Irish banks may be mispricing credit risk, says Honohan
Outgoing Central Bank governor highlights persistent relatively high loan rejection rates
Outgoing Central Bank governor Patrick Honohan: ‘Irish banks mispriced credit risk before . . . are we sure they’re not mispricing in the other direction now?’ Photographic: Jonathan Crosby/Reuters
Irish banks may be too risk averse, outgoing Central Bank governor Patrick Honohan has said, while also highlighting the relatively high interest rates being charged by Irish lenders.

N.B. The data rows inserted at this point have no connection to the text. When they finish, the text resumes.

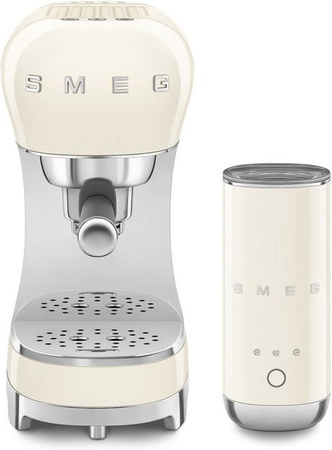 Smeg Siebträgermaschine ECF12CREU mit Milchaufschäumer in Creme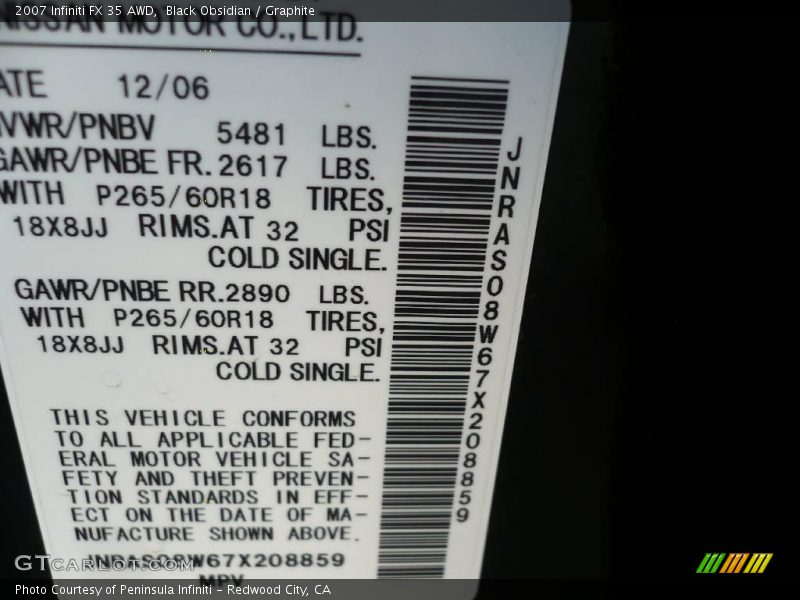 Black Obsidian / Graphite 2007 Infiniti FX 35 AWD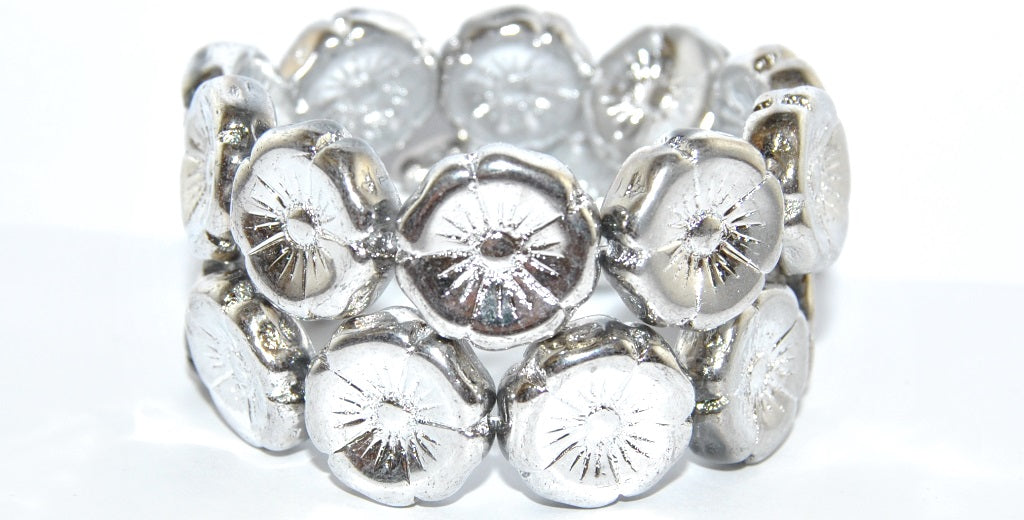 Hawaii Flower Pressed Glass Beads, Crystal Silver Half Coating 2Xside (27001 2Xside), Glass, Czech Republic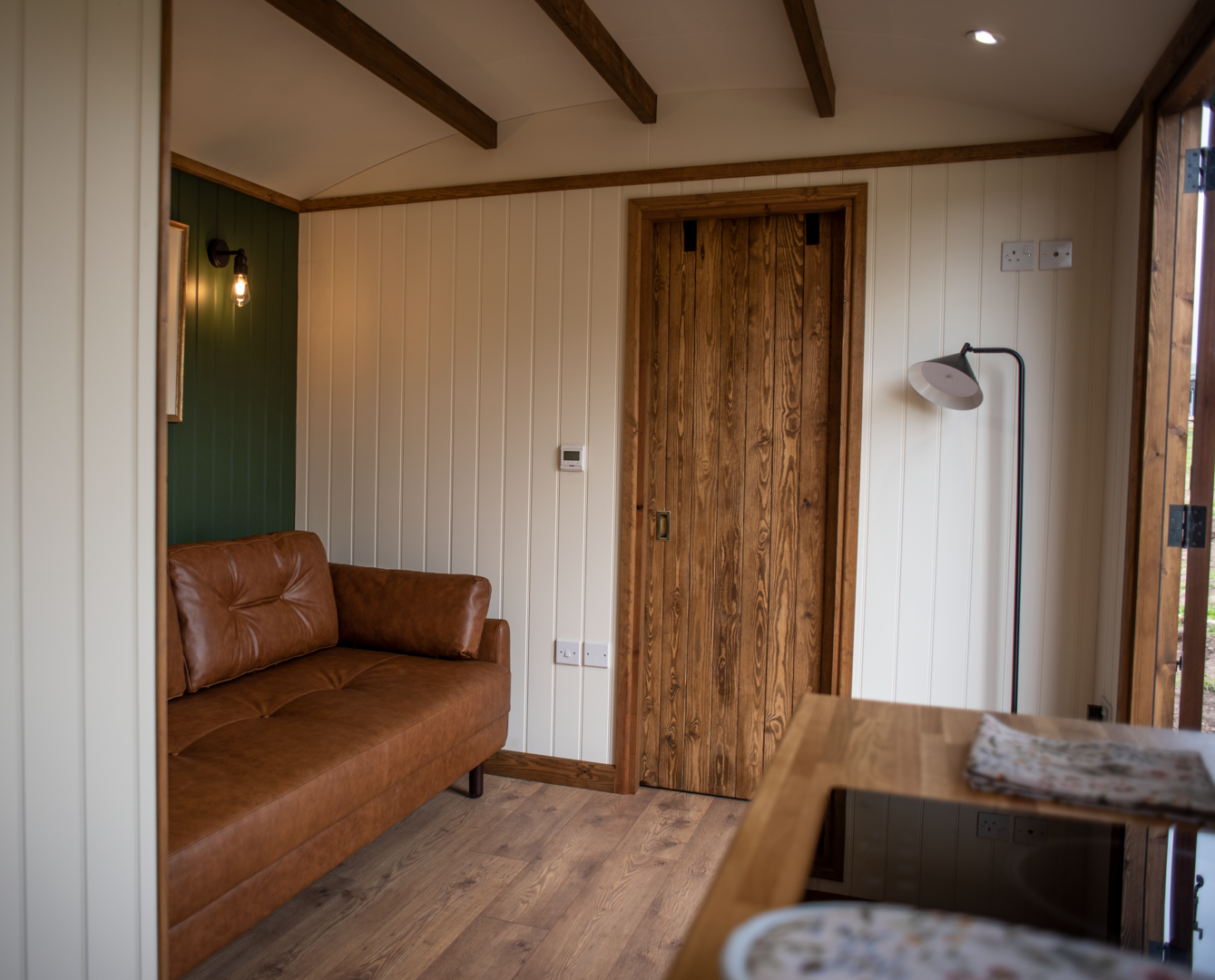 Door to Bedroom in Shepherd Hut,© Pentland Shepherd Huts
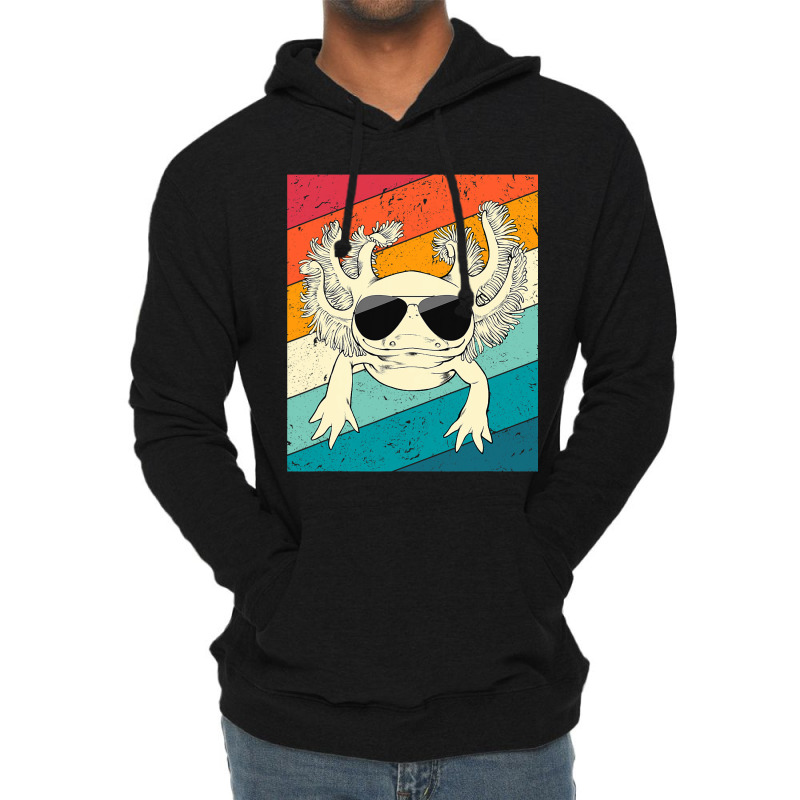 Retro Vintage Axolotl With Sunglasses Animal Lover Lightweight Hoodie | Artistshot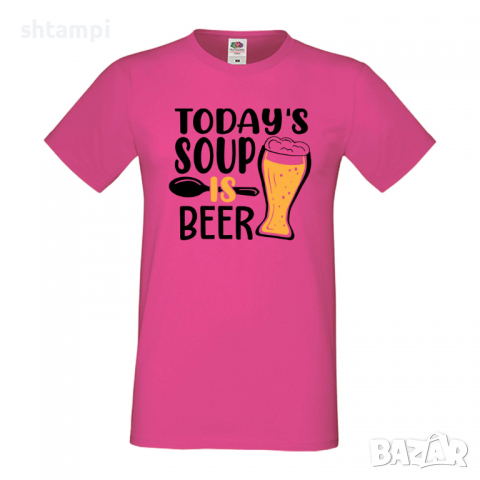 Мъжка тениска Today's soup is beer,Бира,Бирфест,Beerfest,Подарък,Изненада,Рожден Ден, снимка 6 - Тениски - 36389397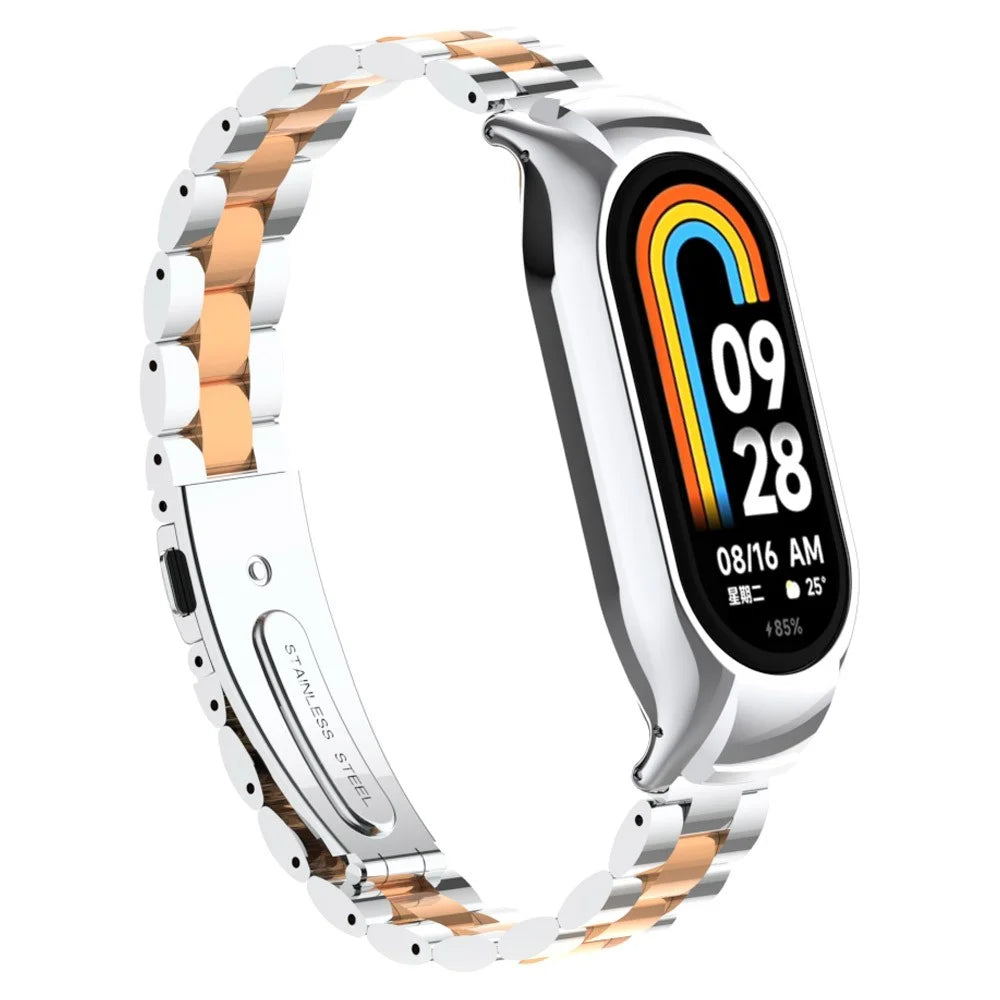 For Xiaomi Smart Band 8 Metal Watch Band 3-Bead Strap Replacement with Watch Case - Silver Rose Gold - 2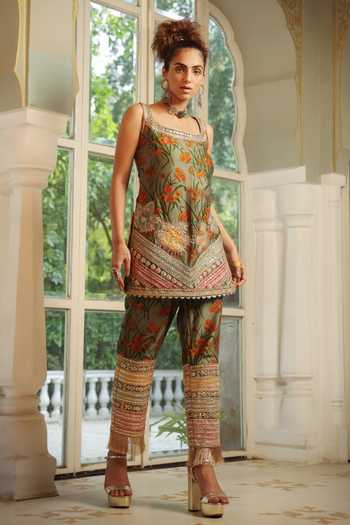 Pallavi Jaipur Floral Print Kurta & Pant Set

Noting rates had come down everywhere in the euro area except in Ireland, he said: “This raises a question as to whether these rates are a consequence of insufficient competition.”
In an address to the Small Firms’ Association, Prof Honohan said loan rejection rates here had not fallen to the same extent as they had in other formerly distressed EU states.
Irish banks may be “mispricing credit risk” resulting in relatively high loan rejection rates, he said. While banks were reckless in assessing risk prior to the crash, the pendulum may now have swung the other way, according to Prof Honohan.
Since the tsunami of credit receded seven years ago, lending conditions have been restricted by the shortfalls of capital on bank balance sheets.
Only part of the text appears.